We discussed potential food triggers that I wanted tested (soy, dairy, corn, wheat, eggs, spinach and tomatoes) and the environmental triggers that he wanted tested (trees, grass, dust mites, dogs and cats). We eventually came to an agreement and he said that the nurse would be in shortly to administer the test. At this point I was pretty excited. This doctor had really listened to me and seemed interested in figuring out what was wrong. He seemed particularly curious about the intestinal symptoms and about how the wheat test would turn out.

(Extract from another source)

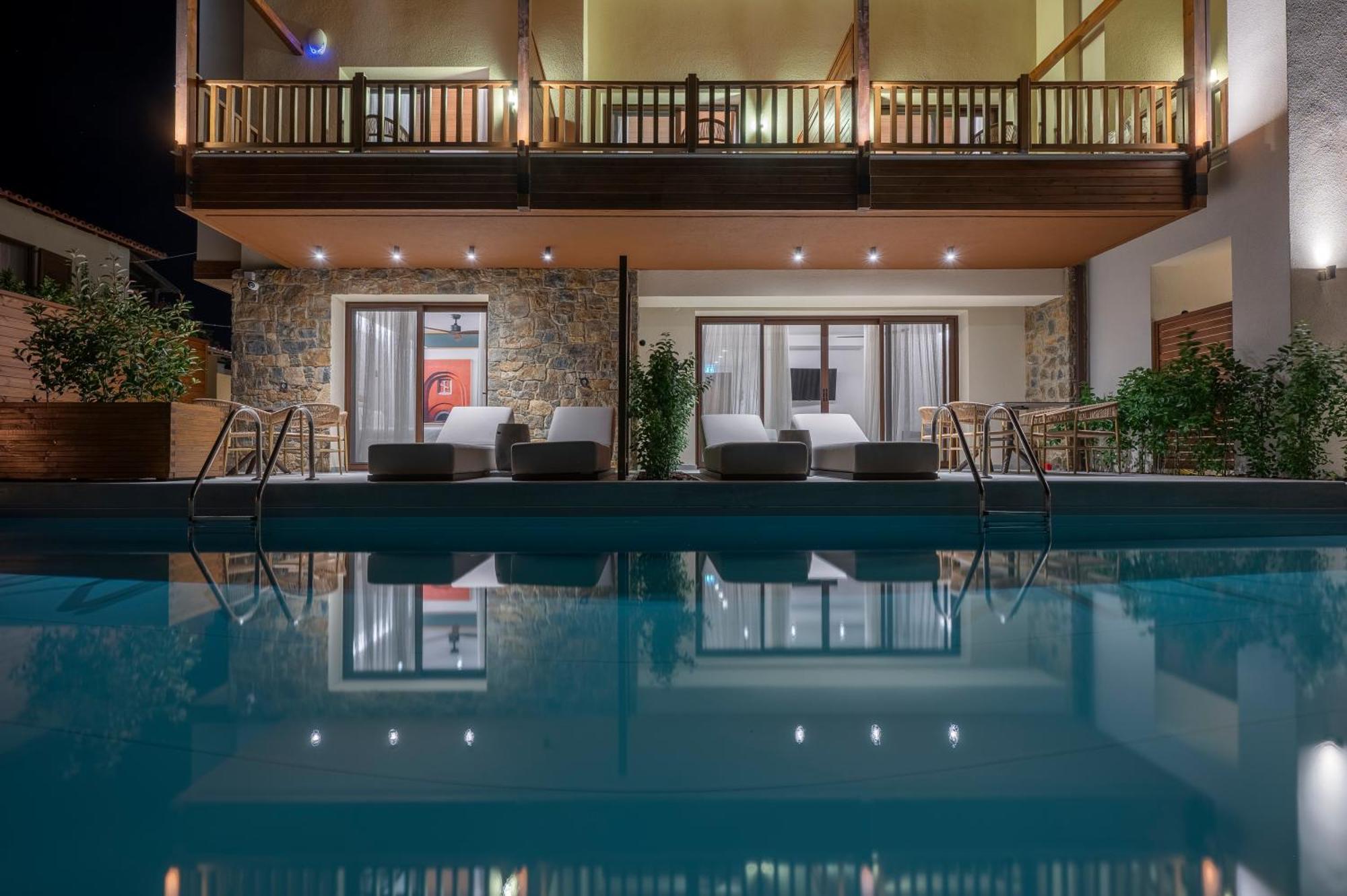 Anima Residence 依诺罗达 外观 照片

In case you’ve never had allergy testing, I fill you in on all the itchy details. The nurse had me swap my shirt and bra for a paper shirt and lay face down on the table. She then proceeded to stick my back in 6 places with what felt like a circular stamp containing multiple needles. (This was later confirmed when I found out I got 47 pricks on my back). Before leaving the room, she told me that she’d be back in 20 minutes and then shut the door.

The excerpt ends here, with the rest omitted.